Sui Xin, Gao Song, Xu Aigong, Zhang Cong, Wang Changqiang, Shi Zhengxu
School of Geomatics, Liaoning Technical University, Fuxin, 123000, China.
Sci Rep. 2024 Sep 28;14(1):22472. doi: 10.1038/s41598-024-72682-8.
The existing deep estimation networks often overlook the issue of computational efficiency while pursuing high accuracy. This paper proposes a lightweight self-supervised network that combines convolutional neural networks (CNN) and Transformers as the feature extraction and encoding layers for images, enabling the network to capture both local geometric and global semantic features for depth estimation. First, depth-separable convolution is used to construct a dilated convolution residual module based on a shallow network to improve the shallow CNN feature extraction receptive field. In the transformer, a multidepth separable convolution head transposed attention module is proposed to reduce the computational burden of spatial self-attention. In the feedforward network, a two-step gating mechanism is proposed to improve the nonlinear representation ability of the feedforward network. Finally, the CNN and transformer are integrated to implement a depth estimation network with a local-global context interaction function. Compared with other lightweight models, this model has fewer model parameters and higher estimation accuracy. It also has better generalizability for different outdoor datasets. Additionally, the inference speed can reach 87 FPS, achieving better real-time performance and accounting for both inference speed and estimation accuracy.
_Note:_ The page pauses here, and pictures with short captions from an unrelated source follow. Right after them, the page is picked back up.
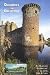 Visit Dumfries, Scotland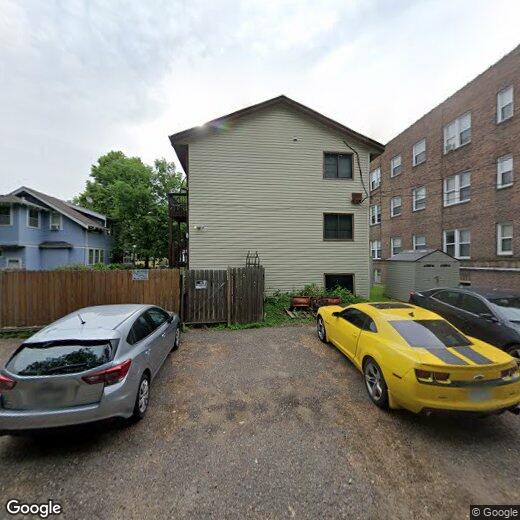 2212 Harriet Ave Unit 2Anne Lui Neel Mayell, Minneapolis, MN 55405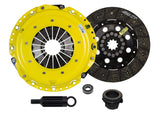 ACT Clutch ACT 01-06 BMW M3 E46 XT/Perf Street Rigid Clutch Kit BM9-XTSD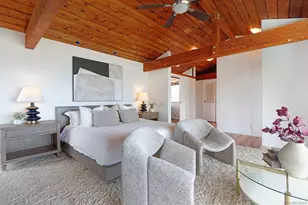 1230 Nautilus, La Jolla, CA 92037 - Photo 14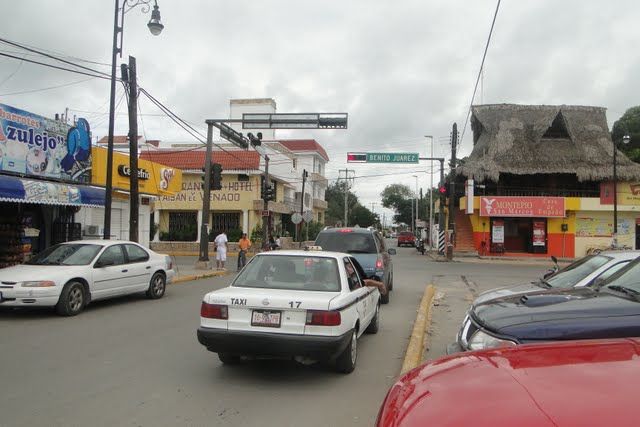 File:Felipe Carrillo Puerto, Quintana Roo.JPG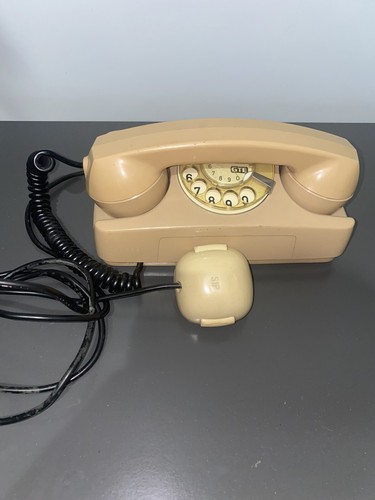 Telefono starlite gte da - telefono,
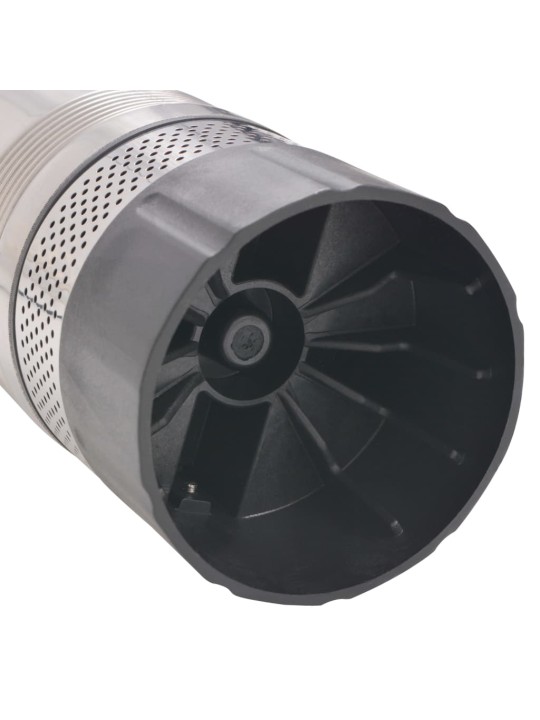 Čerpadlo do studny 40 m 750 W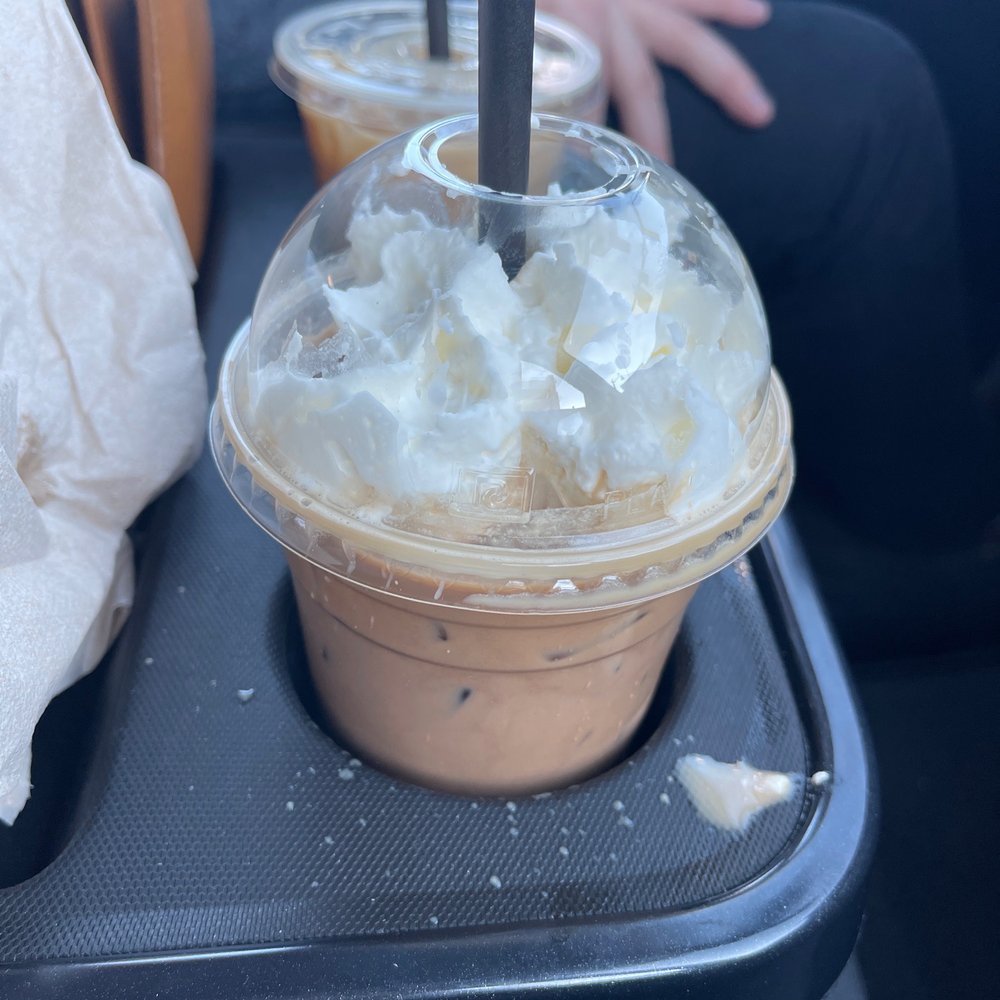 Radina's Bakehouse - Cafes Near Me - Manhattan, Kansas Radina's Bakehouse - Cafes Near Me - Manhattan, Kansas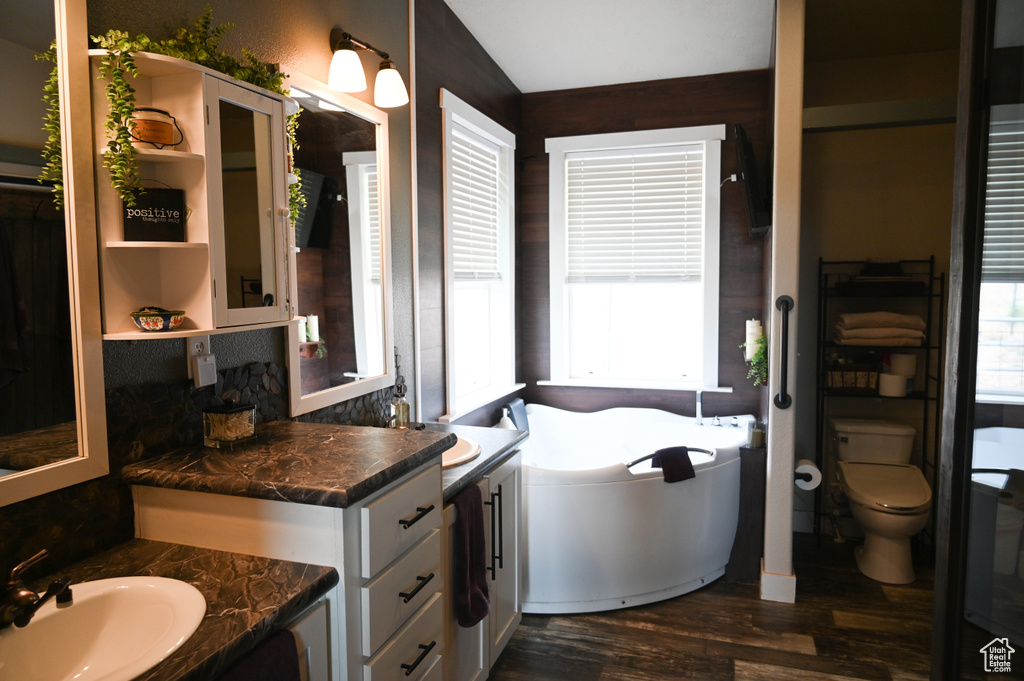 38150 W 4690 S Duchesne, UT 84021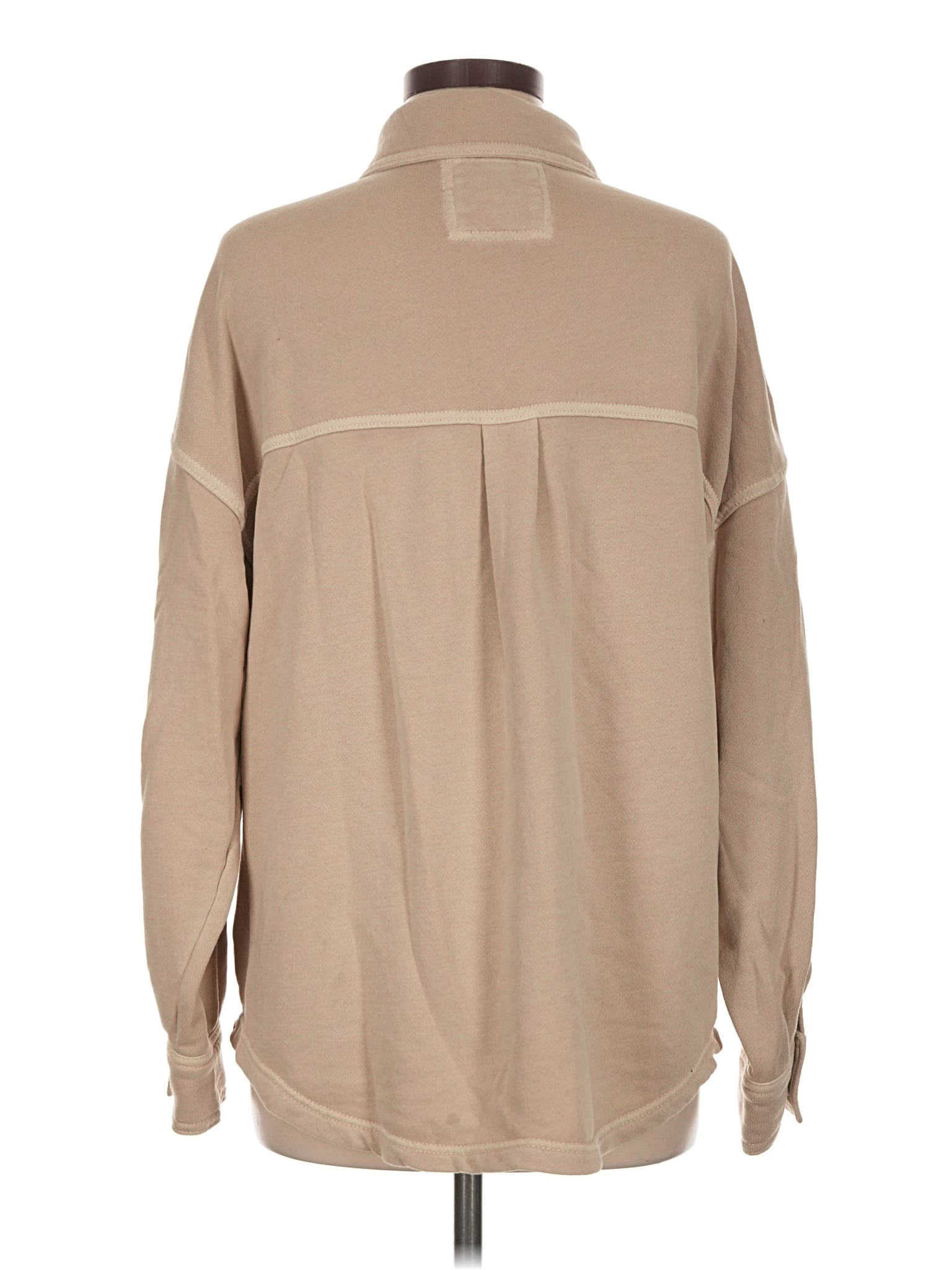 2 size - M
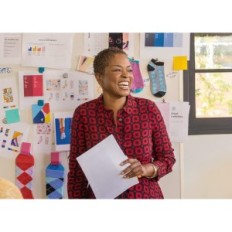 Originalfärg HP C2N92AE 920XL, Svart / Cyan / Magenta / Gul, Set 4 st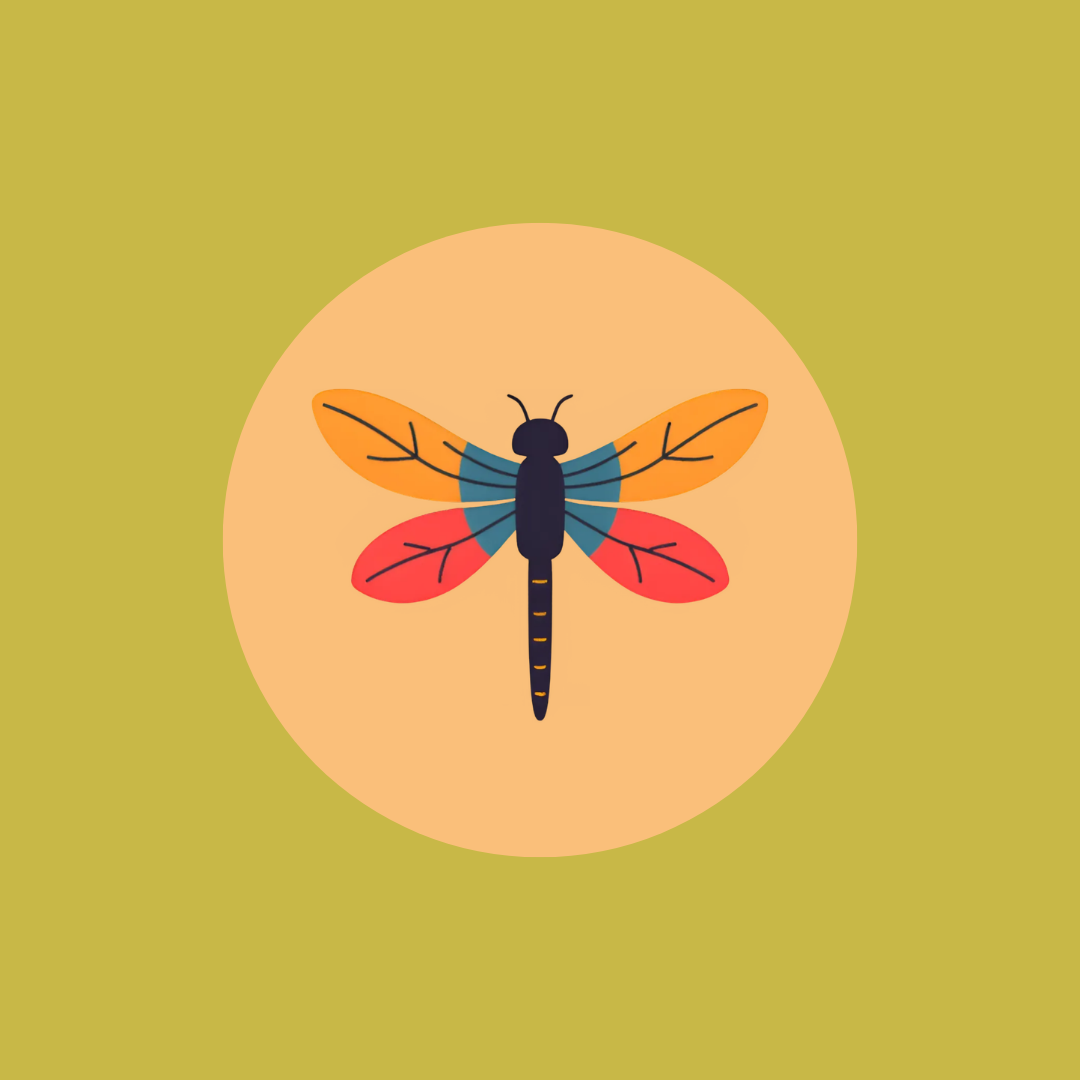 April- Fridays (ART PLAY Drop-ins)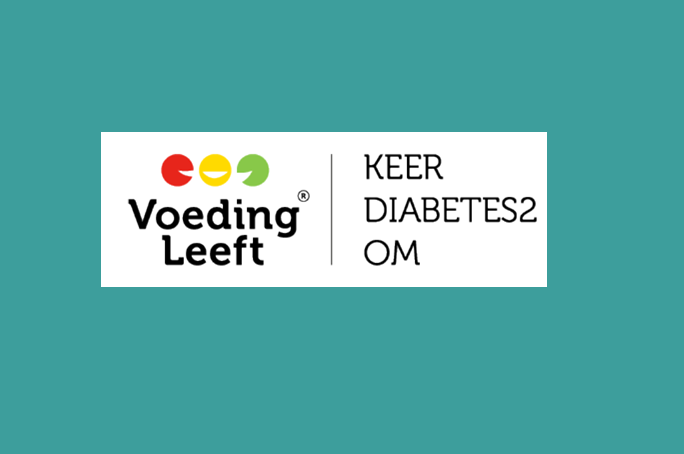 Afbeelding Gunstig effect van leefstijlinterventie ‘Keer Diabetes2 Om’ op nierfunctie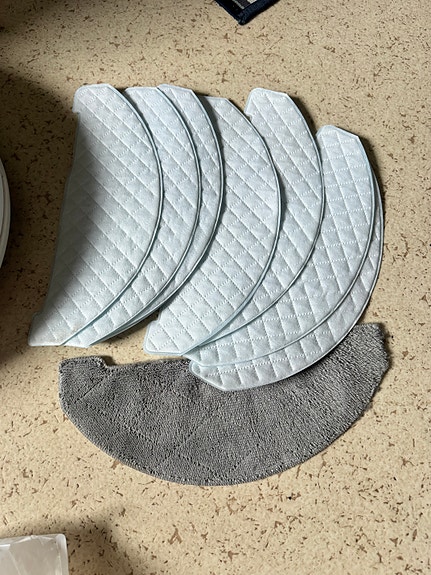 Product image 7 of 9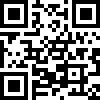 https://khabaronline.ir/xgTdH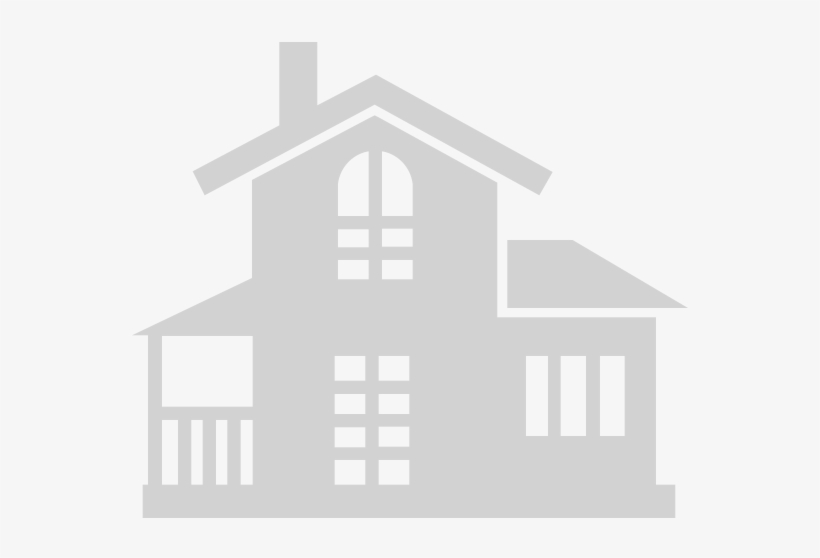 In Mahavir Icon - House, transparent png download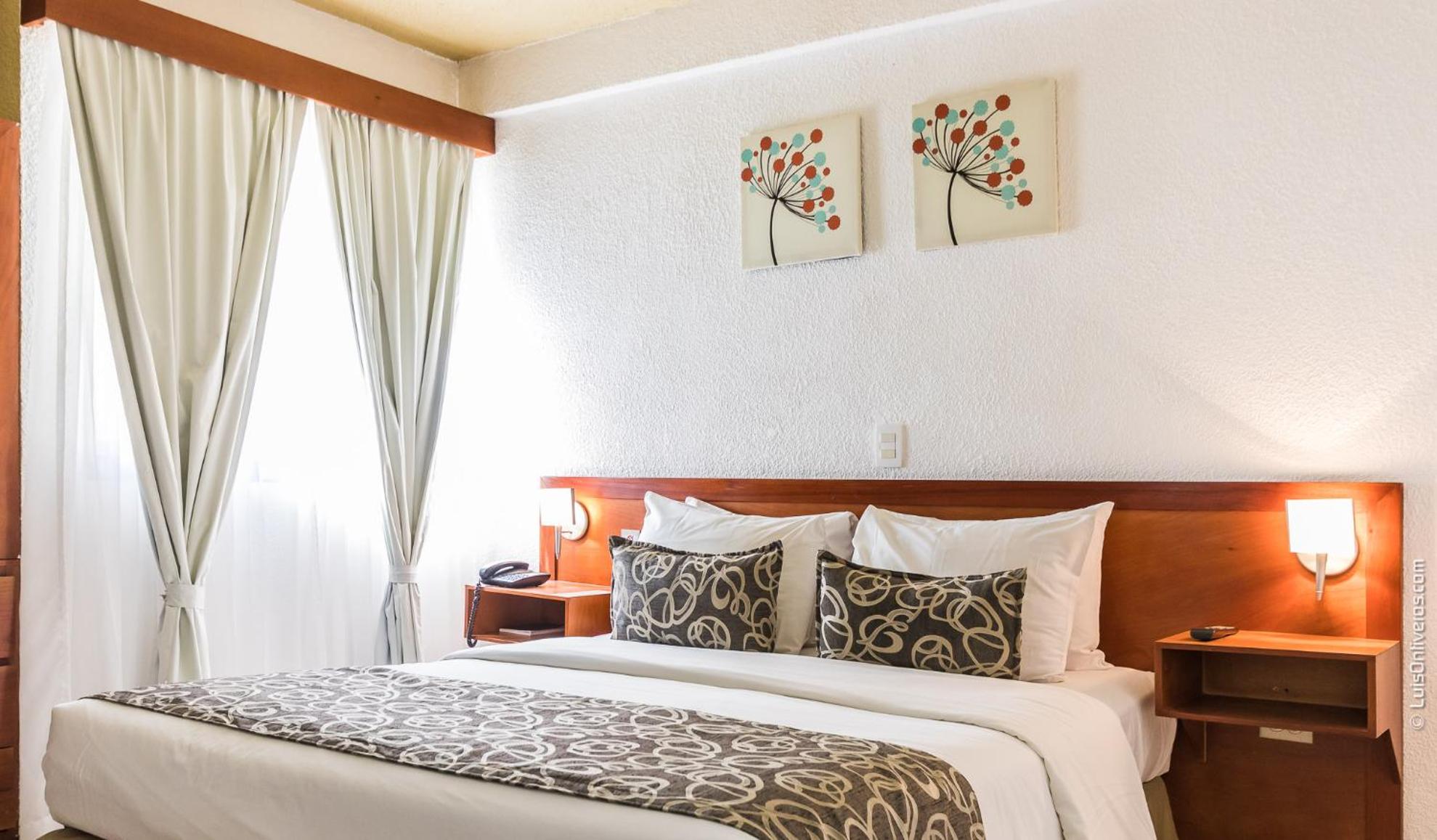 Junior Suite photo 1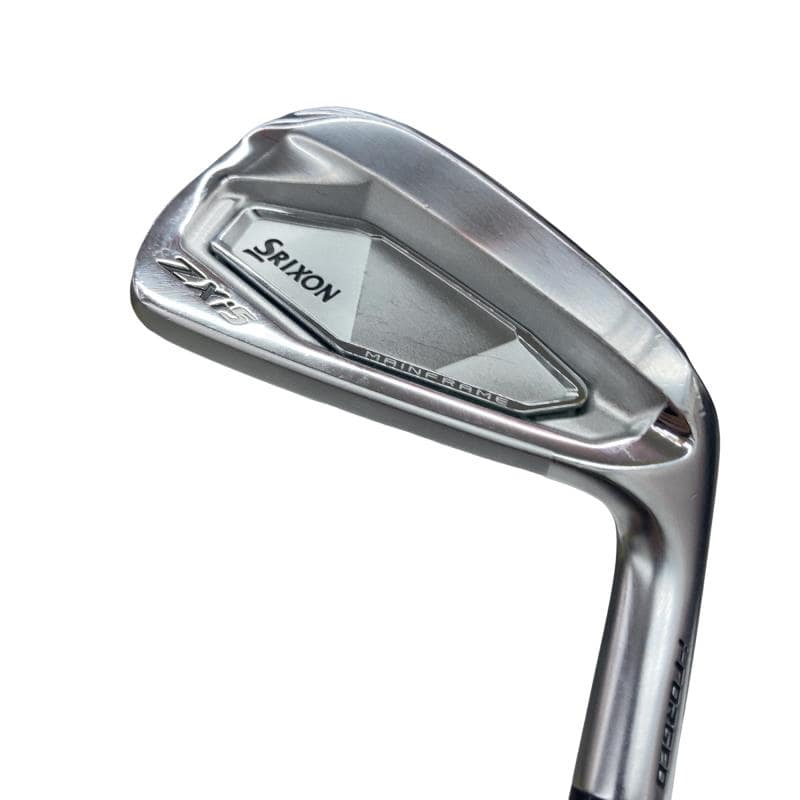 �r�q�h�w�n�m�@�y�w���T�@�U�r�i���{���F�T�{�Z�b�g�j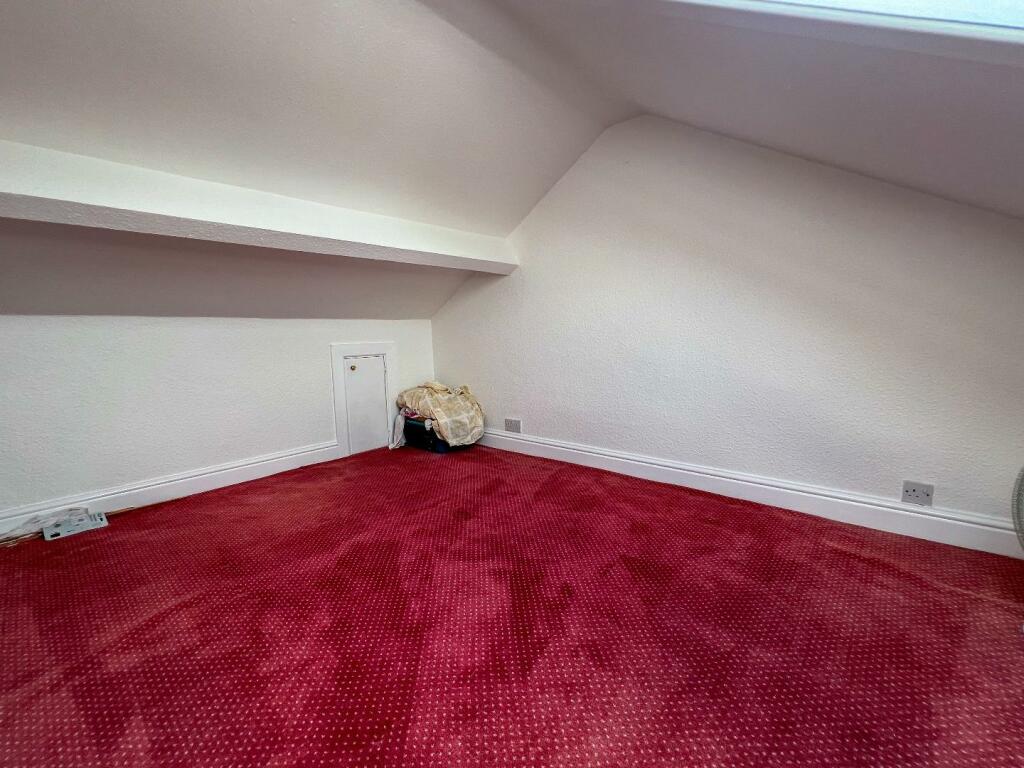 Additional image 23 of St. Brides Major, Vale of Glamorgan, CF32 0SD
现有的深度估计网络在追求高精度时往往忽略了计算效率问题。本文提出了一种轻量级自监督网络,该网络将卷积神经网络(CNN)和Transformer作为图像的特征提取和编码层,使网络能够捕捉用于深度估计的局部几何特征和全局语义特征。首先,使用深度可分离卷积基于浅层网络构建扩张卷积残差模块,以改善浅层CNN特征提取感受野。在Transformer中,提出了一个多深度可分离卷积头转置注意力模块,以减轻空间自注意力的计算负担。在前馈网络中,提出了一种两步门控机制,以提高前馈网络的非线性表示能力。最后,将CNN和Transformer集成以实现具有局部-全局上下文交互功能的深度估计网络。与其他轻量级模型相比,该模型具有更少的模型参数和更高的估计精度。它对不同的室外数据集也具有更好的通用性。此外,推理速度可达87帧每秒,实现了更好的实时性能,兼顾了推理速度和估计精度。